_PROVIDED ENTRIES_
···
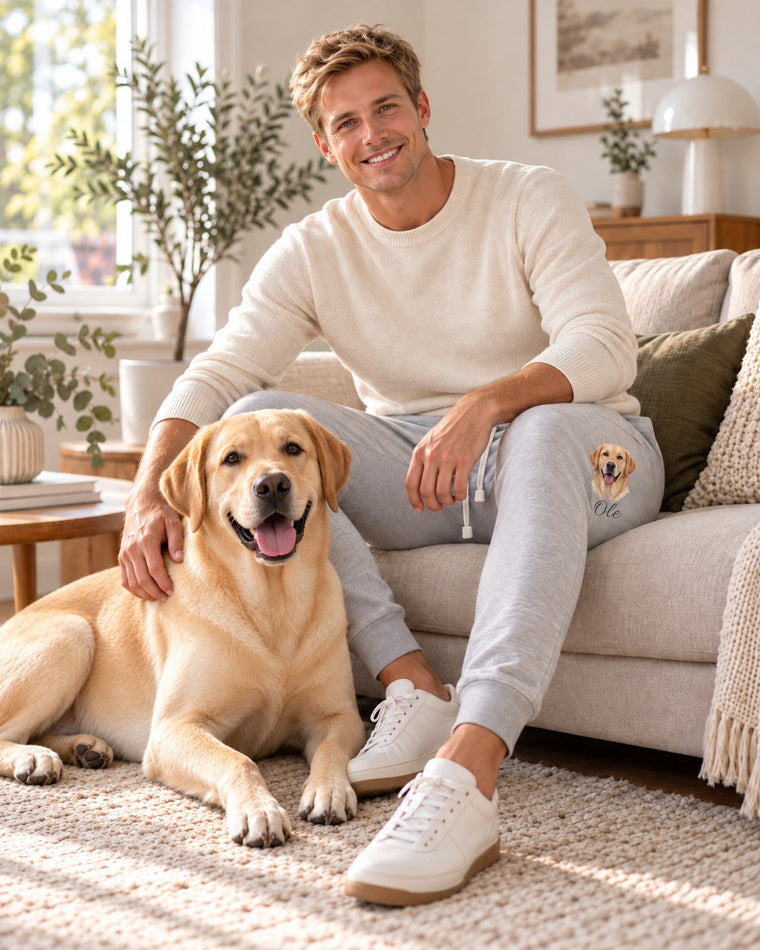 Personalisierte Jogginghose hellgrau mit Tierportrait, Herrenmodell getragen auf dem Sofa, Hund Ole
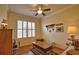 Office room featuring plantation shutters, ceiling fan and hardwood floors at 1438 Maseno Dr, Venice, FL 34292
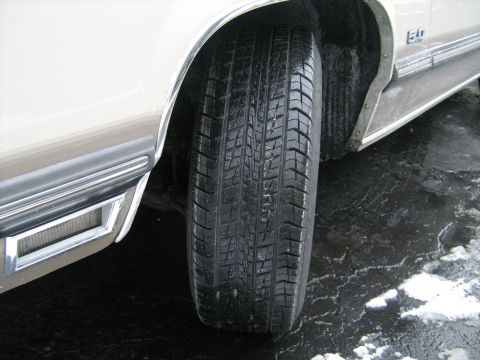 1988 Mercury Grand Marquis - The '5.0' badge on this 1988 Mercury Grand Marquis is visible near the wheel well.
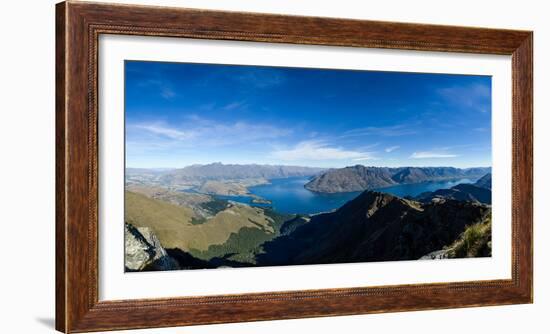 Steep sharp mountains, a deep blue lake, and mountain town in Queenstown, Otago, New Zealand-Logan Brown-Framed Photographic Print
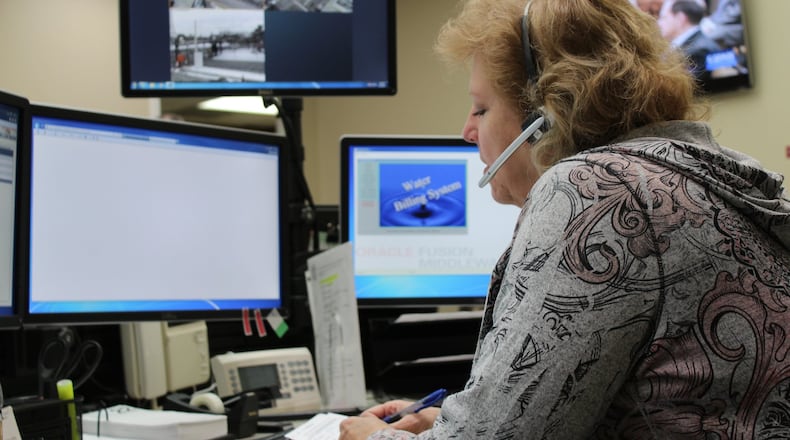 In this photo from 2016, an administrative typist answers calls about water and sewer issues at the city of Dayton’s Water Utility Field Operations dispatch center. CORNELIUS FROLIK / STAFF
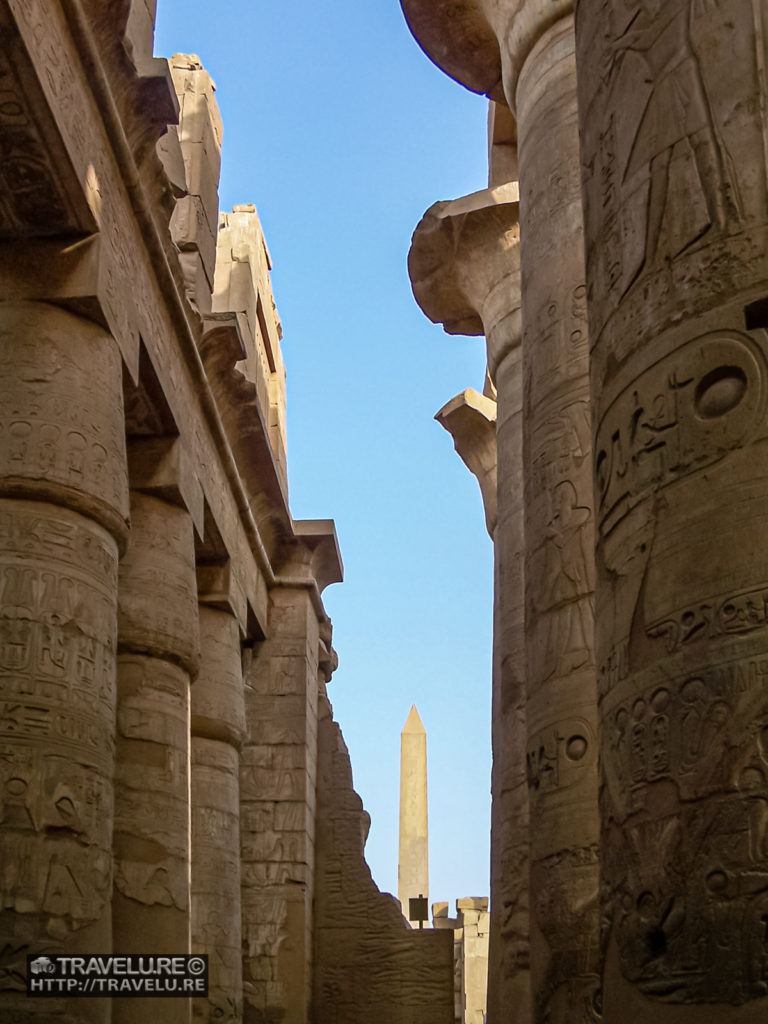 Massive pillars of the processional gallery. A gigantic obelisk forms the backdrop. - Travelure ©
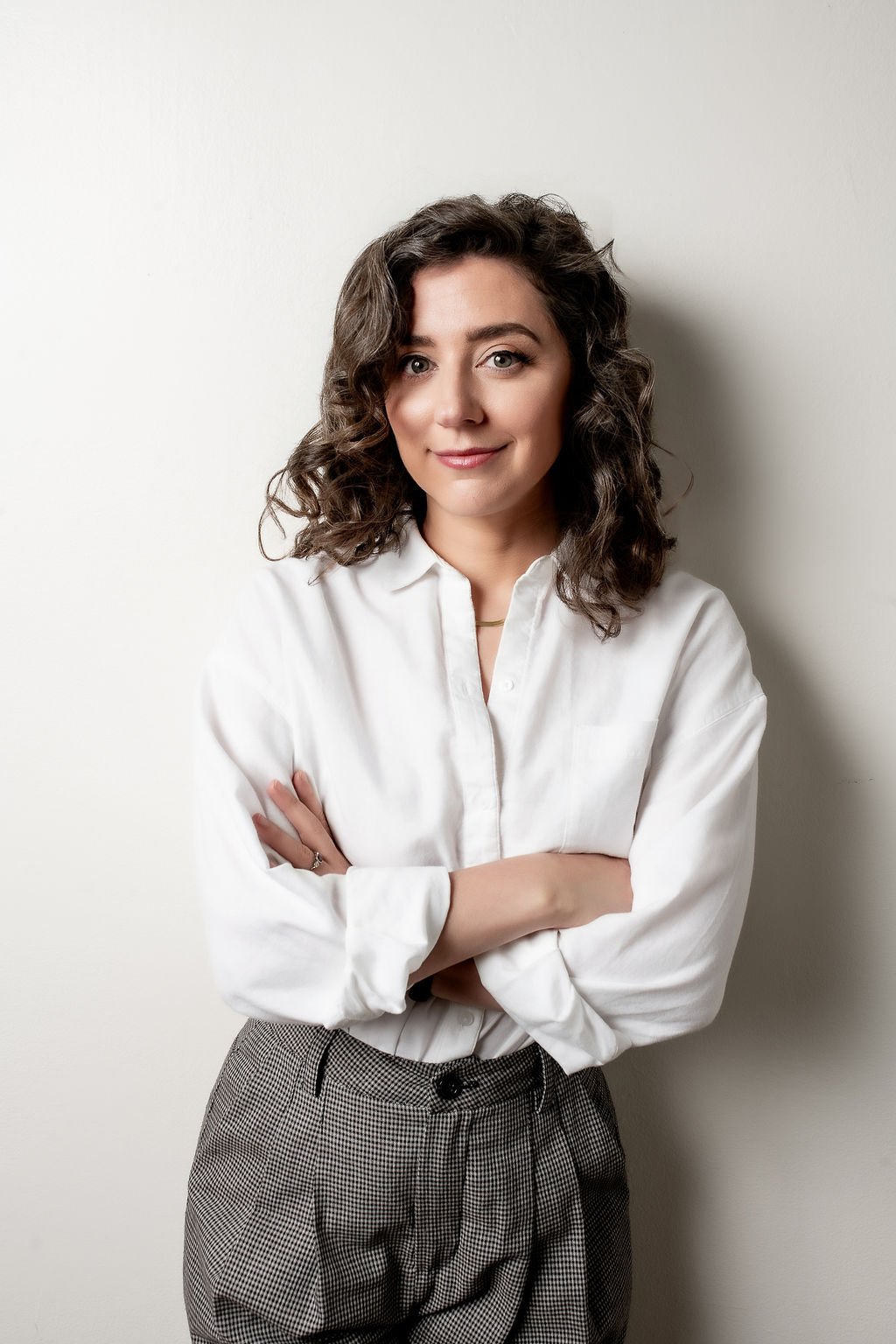 Image of Rikki Goldenberg, Career Coach, Executive Leadership Coach, wearing white button down and black and white slacks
···
_ABOUT THIS TASK_
No picture is to appear in the copy; every entry above is otherwise to be printed verbatim.

_WRITTEN RESPONSE_
 Personalisierte Jogginghose hellgrau mit Tierportrait, Herrenmodell getragen auf dem Sofa, Hund Ole
 Office room featuring plantation shutters, ceiling fan and hardwood floors at 1438 Maseno Dr, Venice, FL 34292
 1988 Mercury Grand Marquis - The '5.0' badge on this 1988 Mercury Grand Marquis is visible near the wheel well.
 Steep sharp mountains, a deep blue lake, and mountain town in Queenstown, Otago, New Zealand-Logan Brown-Framed Photographic Print
 In this photo from 2016, an administrative typist answers calls about water and sewer issues at the city of Dayton’s Water Utility Field Operations dispatch center. CORNELIUS FROLIK / STAFF
 Massive pillars of the processional gallery. A gigantic obelisk forms the backdrop. - Travelure ©
 Image of Rikki Goldenberg, Career Coach, Executive Leadership Coach, wearing white button down and black and white slacks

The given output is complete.